Australian banks mandate biometrics, introduce digital IDs

Australian banks have joined forces to require biometric checks from customers, along with other restrictions designed to “combat fraud.”

The Scam-Safe Accord, as the initiative is called, is intended to ‘protect Australian consumers” by implementing “anti-scam measures,” said the Australian Banking Association and Consumer Owned Banking Association in a press release last week.

All customers opening new accounts will need to provide at least one biometric data point such as a facial recognition check or fingerprint. Another possibility is a behavioral check, which will monitor customers’ behavior when interacting with the banks’ online systems. For example, customers who copy and paste data into online forms when they usually key in the data might not be authenticated. 
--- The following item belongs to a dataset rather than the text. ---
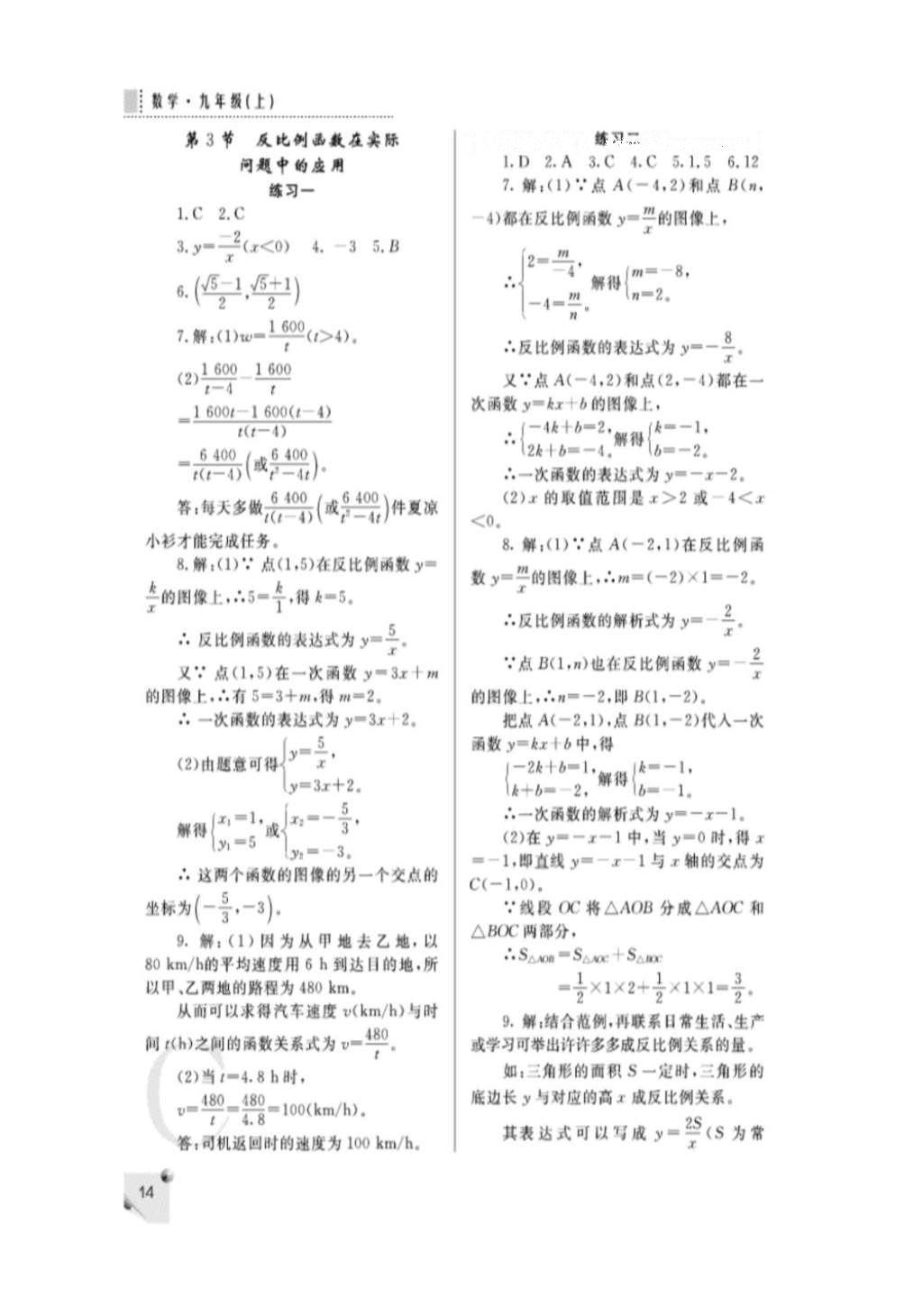 2016年课堂练习册九年级数学上册北师大版C版 参考答案第14页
In addition, banks are pooling a $100 million investment in a “confirmation of payee system” which will make money transfers more restrictive to ensure “people can confirm they are transferring money to the person they intend to.” 

“Banks have committed to introduce new and higher protections into their systems, meaning customers should expect more warnings and delays when paying someone new or increasing payment limits,” said the press release.
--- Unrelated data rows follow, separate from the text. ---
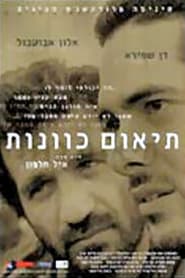 Poster תיאום כוונות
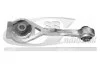 Опора двигателя Renault Megane 1.9 DTi/DCi 03/00- 3RG 40668 (фото 1)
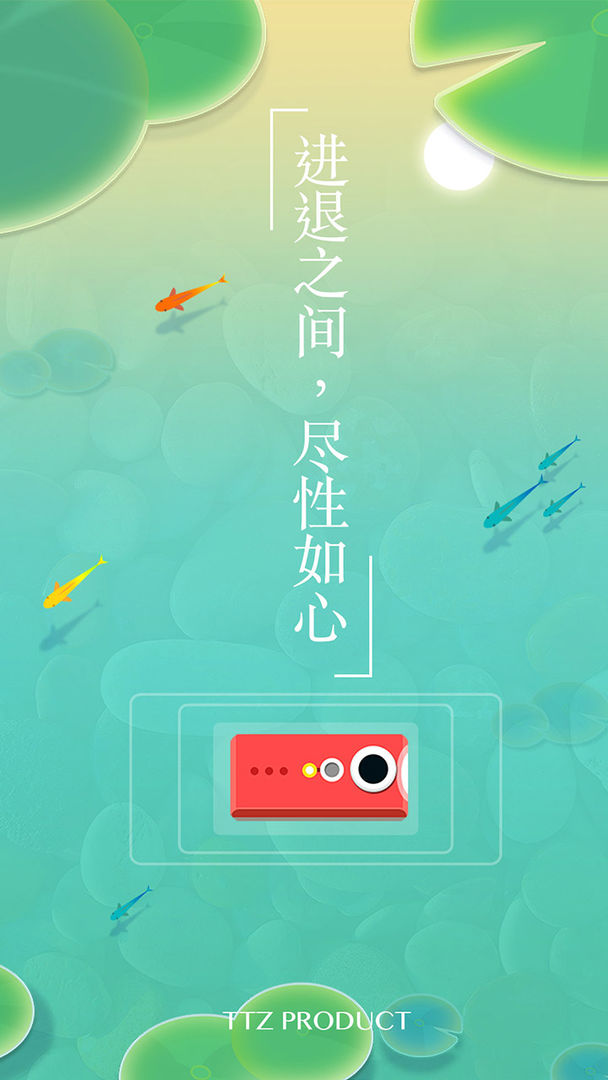 浅塘内购版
The system is expected to be rolled out within the next two years.

Other components of the Scam-Safe Accord include restrictions on transfers to cryptocurrency platforms. Banks also agree to share intelligence on “fraudulent” customers, transactions, and patterns. If one bank decides a customer is a scammer, that information will be shared with all other banks and the individual will likely be barred from obtaining a bank account.
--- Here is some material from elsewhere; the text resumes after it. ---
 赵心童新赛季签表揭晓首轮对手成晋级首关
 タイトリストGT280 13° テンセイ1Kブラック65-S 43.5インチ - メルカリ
The Commonwealth Bank of Australia (CBA), Australia’s largest bank, also announced last month it has partnered with ConnectID to roll out a digital identification system. ConnectID will be integrated with the CBA app and use customers’ facial biometric data to create a digital ID. Customers can then use that digital ID to authenticate themselves with online merchants and other businesses.  

CBA’s decision to implement digital IDs comes as the government’s plan to do the same drags on due to objections over privacy concerns.

The Scam-Safe Accord is the latest in an ongoing crackdown on customers which has included further restrictions on cash, payments, and cryptocurrency, also in the name of “fraud protection.”

Earlier this year CBA notified customers in an email that starting September 30th it will begin limiting transfers to A$10,000 ($6,624) in a month, particularly to cryptocurrency exchanges, “to protect customers from scams.”

The email stated that Commonwealth would impose the monthly limit on transfers “to accounts and/or merchants which we reasonably believe may be owned or controlled by a cryptocurrency or digital asset exchange or being used to purchase cryptocurrency or digital assets.”

It would also apply to “using a particular payment product, type of transaction or dealing” and “where it is reasonably necessary to prevent systemic or individual criminal activity, including suspected or potential fraud or scams.”

“We're introducing new measures to help protect you from scams and fraud,” the bank wrote.

Recently revised terms and conditions also allow the bank to “suspend or close your account, cancel or suspend your card or other access method” to stop crypto payments. Crypto payments are currently held for 24 hours before being processed.

A CBA spokesperson said the purpose of the new restrictions is to “keep customers safe.”

The measures come as Commonwealth Bank continues to open branches where customers cannot withdraw cash, called “specialist centres.” 

More than a billion notes in cash have disappeared from circulation in Australia over the past twelve months, reports Sky News.

Australian bank ANZ is also eliminating cash services at certain branches in an effort to support more digital transactions.

In a February report about a coming “digital wave,” ANZ noted that digital payments are becoming a growing preference over physical payments like cash.

“As consumers become accustomed to digital and even invisible payments – think transport apps automatically taking care of payment – they increasingly regard making physical payments as an inconvenience,” said ANZ Worldline Payment Solutions Chief Market Officer Anne McDonnell.

The bank also expressed enthusiasm for central bank digital currencies (CBDC), which are digital currencies issued and governed by a central bank. Unlike with cash, transactions performed with CBDC are not anonymous and have the potential to be monitored — and even controlled — by authorities.